* EXERCISE
For this exercise, copy exactly the lines below from the one with "Limon dilimlenmiş limonlu" through the one with "a bedroom with" and leave out the pictures.

─── WORKING DATA

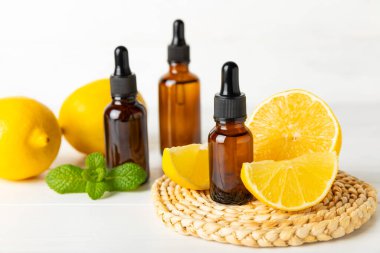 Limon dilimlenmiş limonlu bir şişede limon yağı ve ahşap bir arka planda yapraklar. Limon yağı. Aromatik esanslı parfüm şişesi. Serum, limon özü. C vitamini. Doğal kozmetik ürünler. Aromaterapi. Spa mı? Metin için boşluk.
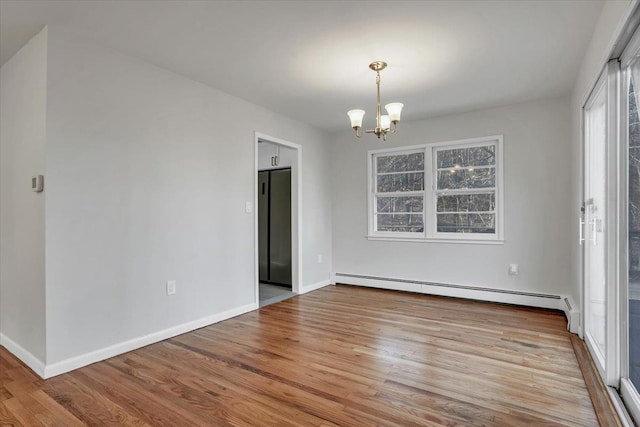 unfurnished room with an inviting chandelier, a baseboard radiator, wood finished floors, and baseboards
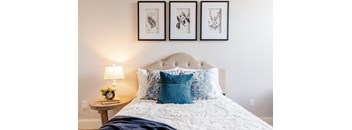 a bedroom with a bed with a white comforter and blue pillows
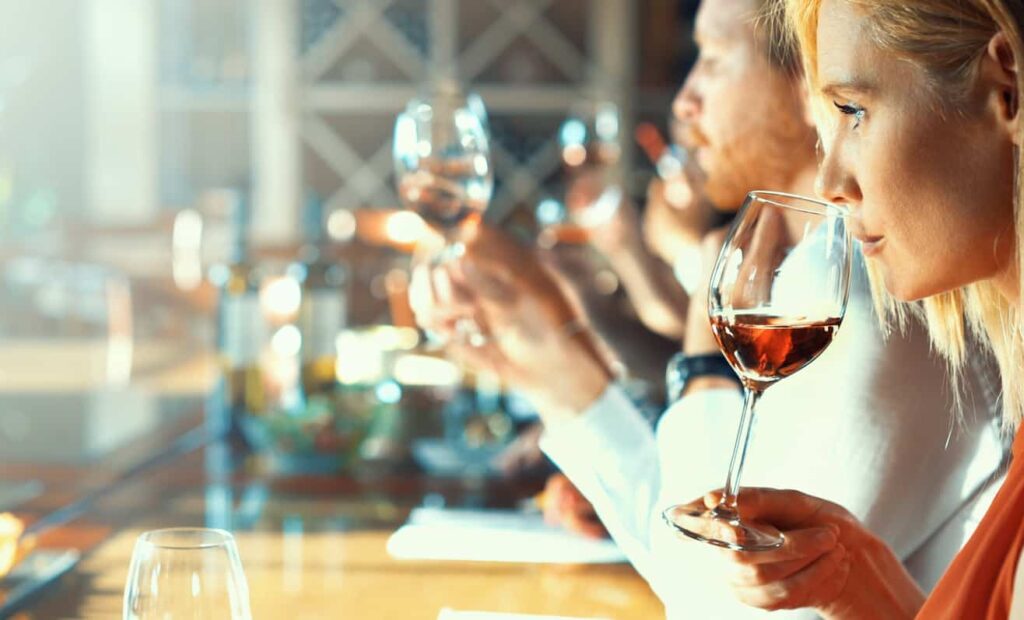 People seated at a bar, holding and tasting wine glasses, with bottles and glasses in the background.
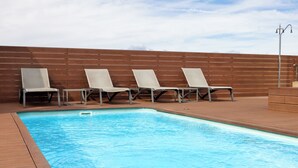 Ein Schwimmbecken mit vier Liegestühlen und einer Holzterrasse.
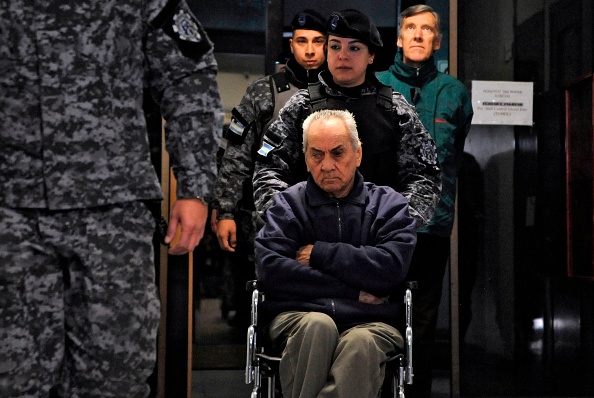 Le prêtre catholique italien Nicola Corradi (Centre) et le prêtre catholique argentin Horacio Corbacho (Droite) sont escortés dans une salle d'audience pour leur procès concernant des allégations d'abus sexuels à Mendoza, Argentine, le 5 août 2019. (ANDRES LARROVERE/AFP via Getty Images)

──────
─── WORKING DATA

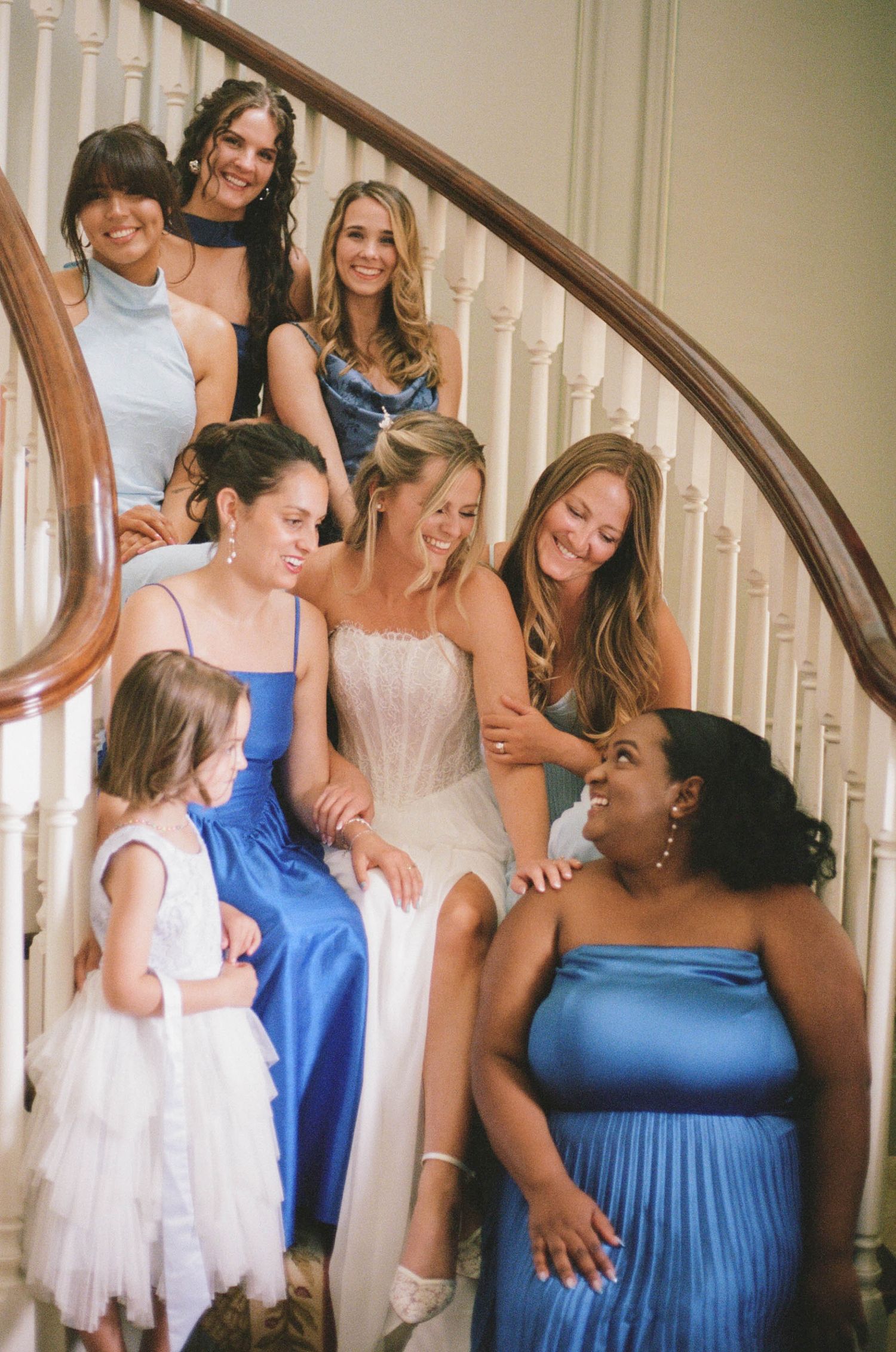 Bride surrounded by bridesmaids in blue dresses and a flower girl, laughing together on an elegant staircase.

──────
─── WORKING DATA

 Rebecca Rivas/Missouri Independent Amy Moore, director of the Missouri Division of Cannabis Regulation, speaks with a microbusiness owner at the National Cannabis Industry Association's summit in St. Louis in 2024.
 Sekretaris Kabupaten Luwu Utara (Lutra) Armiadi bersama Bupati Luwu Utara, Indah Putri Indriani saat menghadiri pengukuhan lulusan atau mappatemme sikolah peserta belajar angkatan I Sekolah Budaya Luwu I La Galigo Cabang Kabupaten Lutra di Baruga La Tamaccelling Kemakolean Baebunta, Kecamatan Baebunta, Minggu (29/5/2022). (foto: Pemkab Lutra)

──────

* ANSWER TO THE EXERCISE
 Limon dilimlenmiş limonlu bir şişede limon yağı ve ahşap bir arka planda yapraklar. Limon yağı. Aromatik esanslı parfüm şişesi. Serum, limon özü. C vitamini. Doğal kozmetik ürünler. Aromaterapi. Spa mı? Metin için boşluk.
 unfurnished room with an inviting chandelier, a baseboard radiator, wood finished floors, and baseboards
 a bedroom with a bed with a white comforter and blue pillows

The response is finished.